Exercise requirements → Copy nothing from the entries below except the lines from the one containing "u盘中了引导区ripper病毒" through the one containing "調べる ダイヤモンド 曖昧な ひつじ の ショーン ロンパース Minoen Jp 調べる", and copy those exactly.

Provided material →
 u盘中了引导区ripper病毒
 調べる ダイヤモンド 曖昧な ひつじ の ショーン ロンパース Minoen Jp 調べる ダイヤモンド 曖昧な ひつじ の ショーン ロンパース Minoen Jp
...
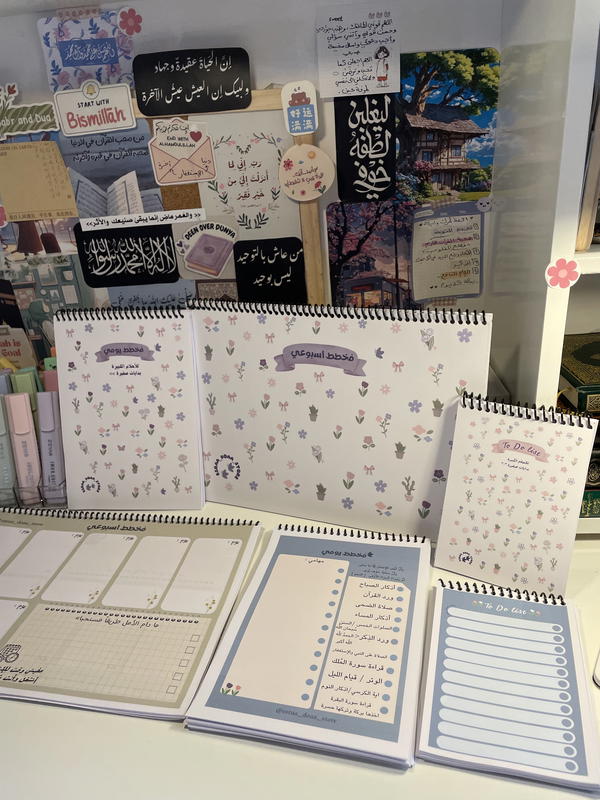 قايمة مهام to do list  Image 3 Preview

Solution →
 u盘中了引导区ripper病毒
 調べる ダイヤモンド 曖昧な ひつじ の ショーン ロンパース Minoen Jp 調べる ダイヤモンド 曖昧な ひつじ の ショーン ロンパース Minoen Jp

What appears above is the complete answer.